The 2017 reports findings are as stated above, however 12 bathing areas (7.1%) were classified as being of ‘Sufficient’ water quality, but remain at risk of episodic pollution events.

Seven bathing waters (4.9%) failed to meet the minimum required standard and were classified as being of ‘Poor’ quality. Sandymount Strand joined the list in 2017 after being classified as sufficient in 2015 and 2016. The EPA report shows that these waters are all vulnerable to pollution events. The relevant local authorities, in conjunction with Irish Water, have plans in place to tackle the main pollution risks at these beaches with a view to improving them to at least ‘Sufficient’ quality.

There are 3 new beaches designated for protection under the Bathing Water Regulations. Dooey and Magheroarty (Co. Donegal) with Seafield Quilty (Co. Clare), are to be formally classified in 2018.

Mr Peter Webster, (EPA Senior Scientific Officer) stated,

“Ireland has many beautiful beaches and some inland bathing waters with excellent water quality. The report covers the 142 EU identified bathing waters. It also provides details of over 80 other waters where bathing occurs and which are monitored by local authorities.
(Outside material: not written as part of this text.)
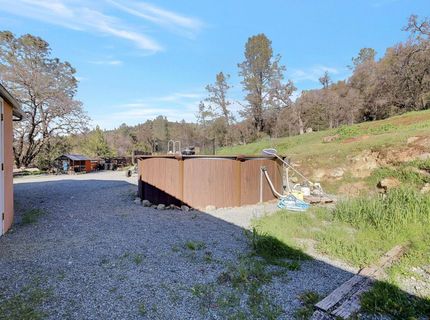 20516 Pleasant Valley Rd, North San Juan, CA 95960 Photo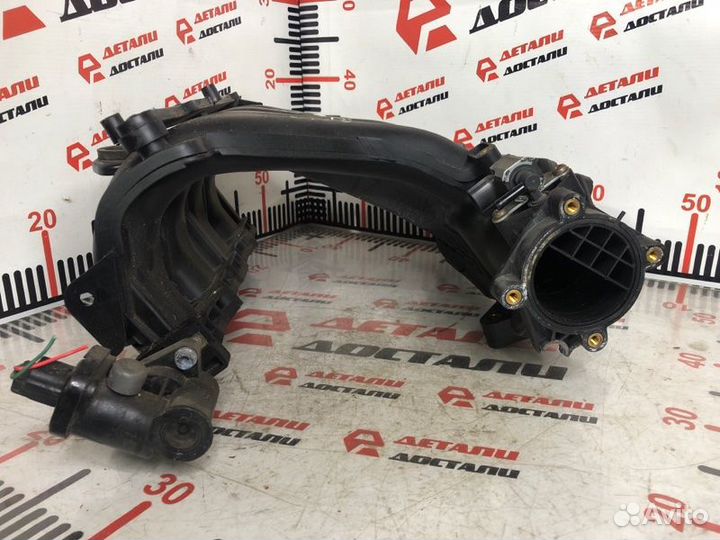 Коллектор впускной Nissan Qashqai J10 MR20DE 2013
While these 80 waters are not covered by the Regulations they are monitored by the local authorities because bathing or recreational activities are known to take place there and it is important to let the public know about their water quality. We would like to see many of them in the national monitoring programme in the future.”
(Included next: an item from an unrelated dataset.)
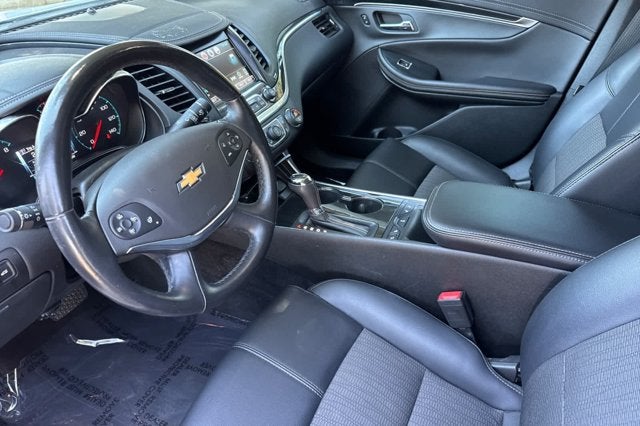 2020 Chevrolet Impala LT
Concluding; Mr Peter Webster explained how the public can access current information about bathing water quality:

“During the summer, current water quality information and details of any incidents affecting bathing waters will be displayed on the website www.beaches.ie. If you are heading to the beach with your family or friends, it is advisable to check beaches.ie or the Twitter notification service, @EPABeaches, before heading out. When you get to the beach you should always check the local notice board for information on current water quality.”

The summary report ‘Bathing Waters in Ireland 2017’ and map of the quality of Ireland’s Bathing water sites are available on the EPA website.